The females of spiders also take care of their eggs after laying them, enclose them in a ball of thread arranged in cocoons, carry them about with them, and at the moment of hatching set them free, one by one, from the envelope. Amongst some species there is even a certain rearing of the young. Thus the Nemesia Eleonora lives for some time in her trapped nest with her young, numbering from twenty to forty.[29]
With insects maternal forethought sometimes amounts to a sort of divining prescience, which the doctrine of evolution alone can explain. There is really something wonderful in the actions of a female insect, as she prepares for her descendants, whom she will never see any more than she has seen her own parents, a special nourishment which differs from her own. It is thus that the sphinx, the pompilus, the sand-wasp, and the philanthus dig holes in the sand, in which they deposit with the eggs a suitable food for the future larvæ.[30]
In order to understand these facts, apparently so inexplicable, we must look not only to the powerful influence of selection, but also to the zoögenic past of the species. With the insect the perfect form is always the last which it assumes, the outcome of all the previous metamorphoses. But the larval form, though actually transitory, must have been for a long time the permanent form, and it had different tastes and needs. At the present time there are still numbers of insects whose larval existence has a much longer duration than that of the so-called perfect insect (May-flies, cockchafers). There are even larvæ which reproduce themselves. Certain others, even though sterile, have not lost the maternal instinct. Thus at the time of the hatching of the nymphs the larvæ of the termites assist the latter to get rid of their envelope. It is therefore probable that, though now transitory, the larval forms of insects have formerly been permanent; they represent ancestral types, which evolution has by degrees metamorphosed into insects that we call perfect. The larvæ, now actually sterile, descend from ancestors which were not so, and in the larvæ of certain species the maternal instinct has survived the reproductive function.[31]
This is doubtless the case with bees and ants; their workers must represent an ancestral form, having preserved the maternal fervour of its anterior state; the winged form, on the contrary, must be relatively recent. It even appears probable that in the republics of ants and bees the laborious workers may have succeeded, in a certain way, in getting rid of sexual needs which cause animals and even men to commit so many mad actions. With them the old maternal instinct has taken the place ceded to it by sexual instinct, and has become enlarged and ennobled. Their affection is no longer exclusively confined to a few individuals produced from their own bowels, but is shared by all the young of the association. In their sub-œsophagian ganglion one care takes precedence of all others—the care of rearing the young. This is their constant occupation and the great duty to which they sacrifice their lives. Maternal love, usually so selfish, expands with them into an all-embracing social affection. It is not impossible that a psychic metamorphosis of the same kind may one day take place in future human societies.
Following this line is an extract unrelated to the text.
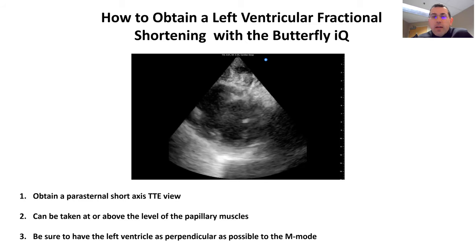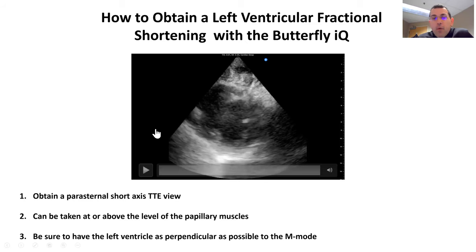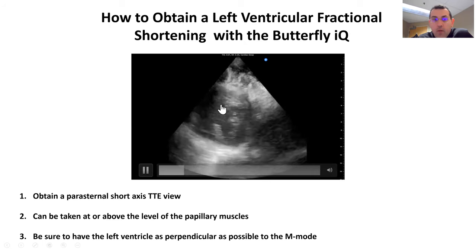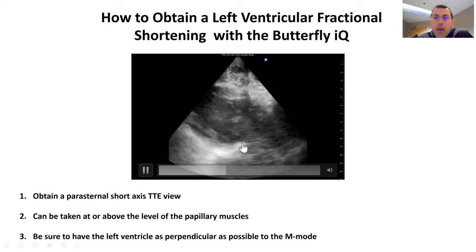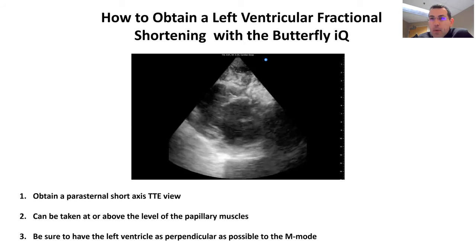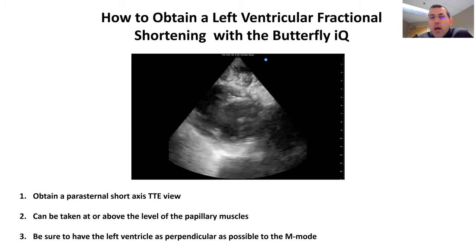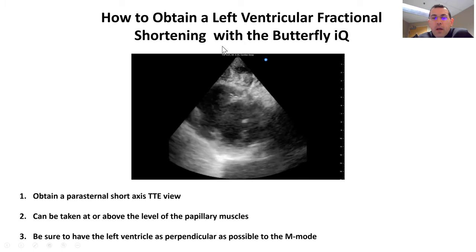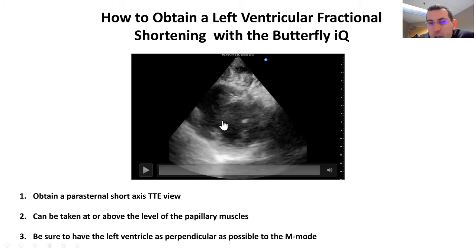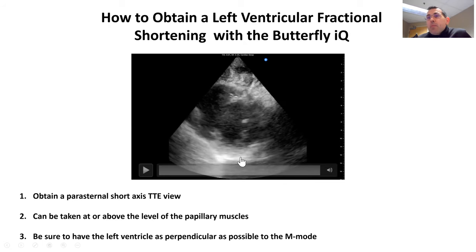They're in pain, there are bandages on, et cetera. But really, if you just get any reasonable parasternal short axis view, ideally maybe above the papillary muscles, and as long as you can get this donut right in the center of the screen so that when you put the M-mode on, it goes straight perpendicular through the left ventricle — that would be best.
It would even seem that the workers appreciate the faculty of reproduction all the more for being deprived of it. The queen bee, or rather the fertile female, who is the common mother of all the tribe, has every possible care lavished on her, and is publicly mourned when she dies. If she happens to perish before having young, and then cannot be replaced, the virgin workers despair of the republic; losing for ever “les longs espoirs et les vastes pensées,” they give way to an incurable and mortal pessimism.